All of this leads to a compelling conclusion, which Paul underscored with a simple imperative: “Therefore glorify God in your body” (6:20).

God let His Son die to redeem our bodies from a lifestyle of sin and rebellion. One day, God will raise us from the dead and redeem our bodies from death and decay. In our glorified state, we will reign with Him forever (6:2-3). In the meantime, the Lord expects us to live in our mortal bodies according to His standards —reflecting the light of His truth. Physical mortality should never be an excuse for physical immorality.

Paul reminds us that we have been bought “with a price” —the precious blood of Christ (6:20).
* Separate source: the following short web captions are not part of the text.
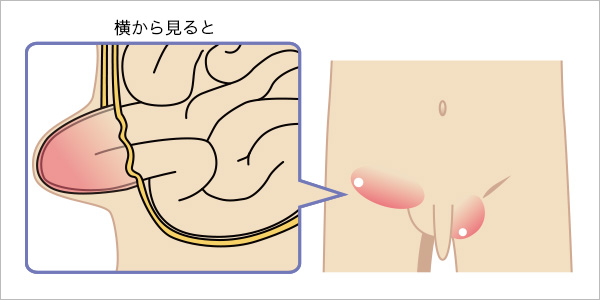 痛み 鼠径 部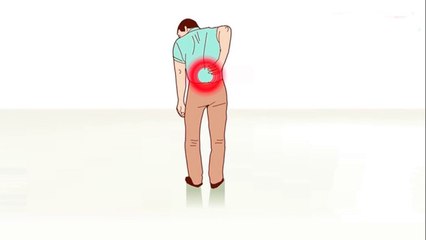 bd-diferencia-entre-ciatica-y-dolor-lumbar-010721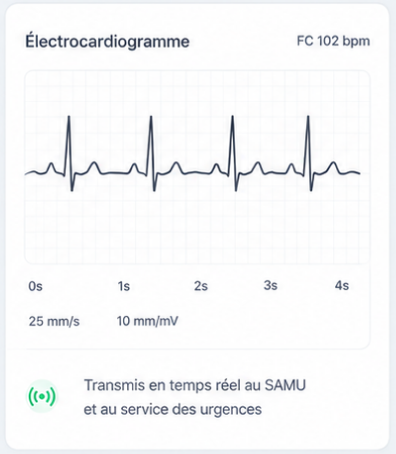 Électrocardiogramme transmis en temps réel au SAMU et aux urgences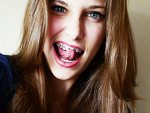 Fotoblog migglyway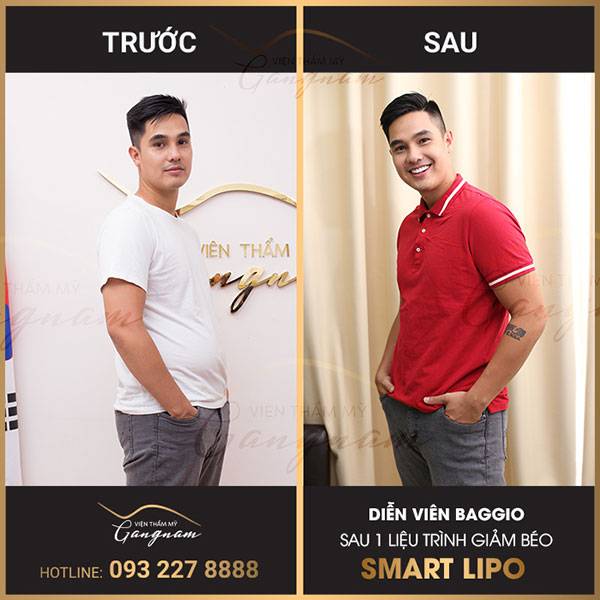  Hình ảnh trước và sau khi thực hiện liệu trình giảm béo bụng nam giới - Smart Lipo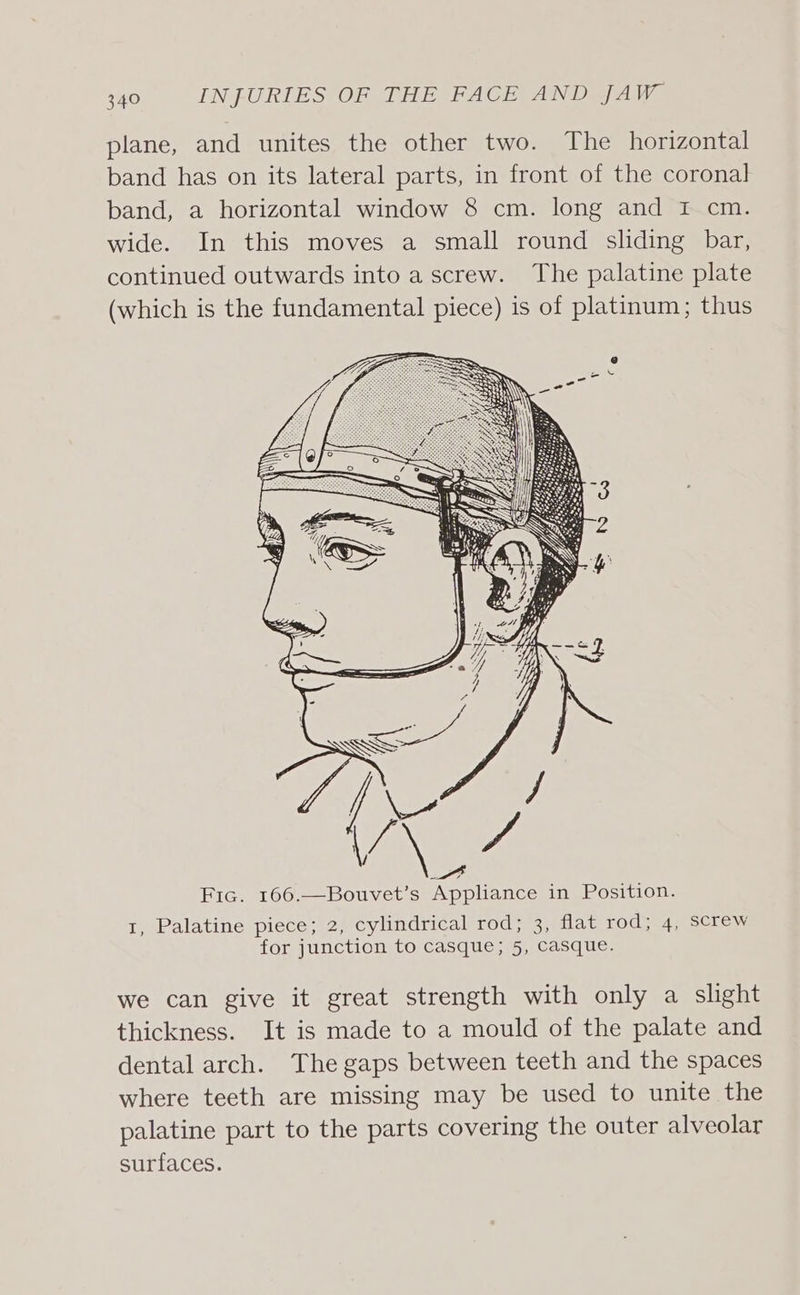 plane, and unites the other two. The horizontal band has on its lateral parts, in front of the coronal band, a horizontal window 8 cm. long and I cm. wide. In this moves a small round sliding bar, continued outwards into a screw. The palatine plate (which is the fundamental piece) is of platinum; thus BiG: 1, Palatine piece; 2, cylindrical rod; 3, flat rod; 4, screw for junction to casque; 5, casque. we can give it great strength with only a slight thickness. It is made to a mould of the palate and dental arch. The gaps between teeth and the spaces where teeth are missing may be used to unite the palatine part to the parts covering the outer alveolar surfaces.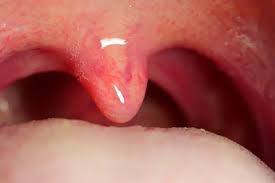 <p>The small, fleshy extension at the back of the throat that swings during swallowing is known as the <strong><em></strong></em>__.</p>
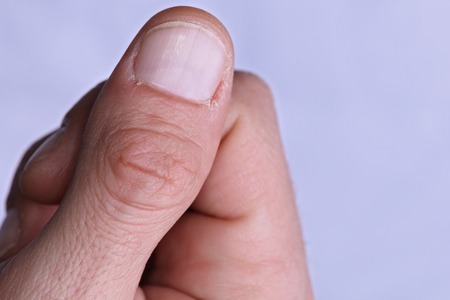 Man hands close up, dry cuticle, rough skin care conceptの写真素材
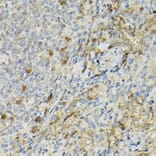 Immunohistochemistry - Anti-IL-2 Receptor alpha Antibody (A14290) - Antibodies.com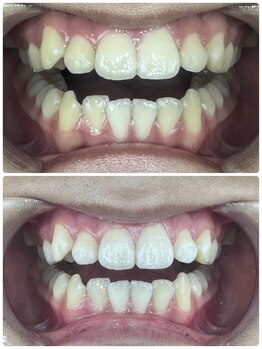 グラスプレイス/プレミアム症例 5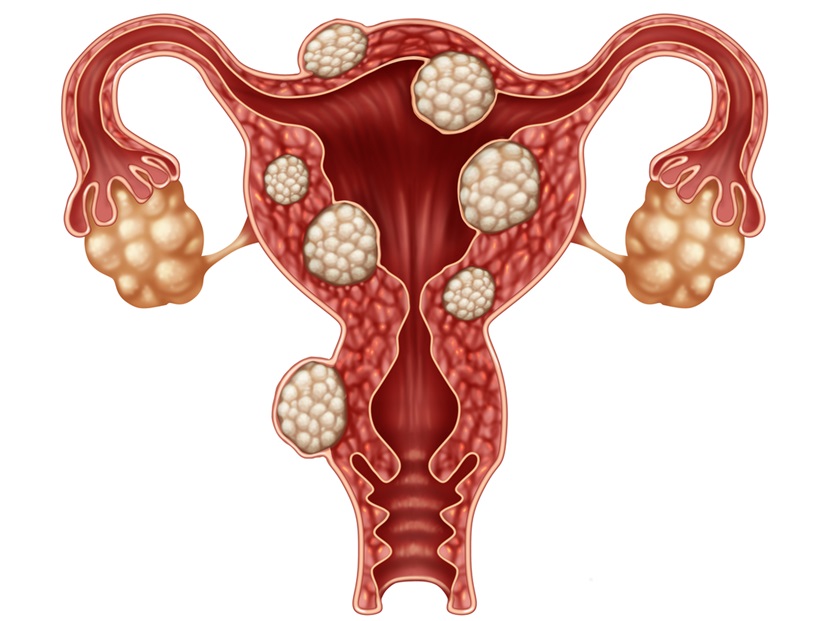 Image: New research promises a potential non-invasive stool test and novel therapy for endometriosis (Photo courtesy of Shutterstock)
How can we do less than honor Him through an obedient, God-glorifying life? If we belong to Christ, we should serve Him faithfully and consistently. Not just in our thought life. Not merely with our feelings. But with our hands, our feet, our eyes, our ears, our tongues. What we say, what we do, where we go, what we watch, what we listen to —all these things are to be done for His glory.

How do we do this?

First, we avoid the extreme of asceticism. That is, we neither neglect our bodies as if they are irrelevant to our spiritual lives, nor do we reject our bodies as if they are distractions to God’s service. Denying the needs of the body isn’t spiritual. After all, we’re embodied creatures designed with God-given needs and desires. Mature Christians don’t deny these; they submit them to God’s will and use them for His glory. We all need food, clothing, shelter, companionship, and intimacy. All of these, though, should be sought according to God’s commands.

Second, we avoid the extreme of hedonism. We honor God with our bodies by keeping passions under control. We don’t dive in to sexual immorality. We don’t overindulge in food and drink. We don’t focus on our physical appearance while our character and virtue suffer. And we don’t build our physique while neglecting our spiritual health.

Because we were bought at a price, our goal for our bodies should be His glory.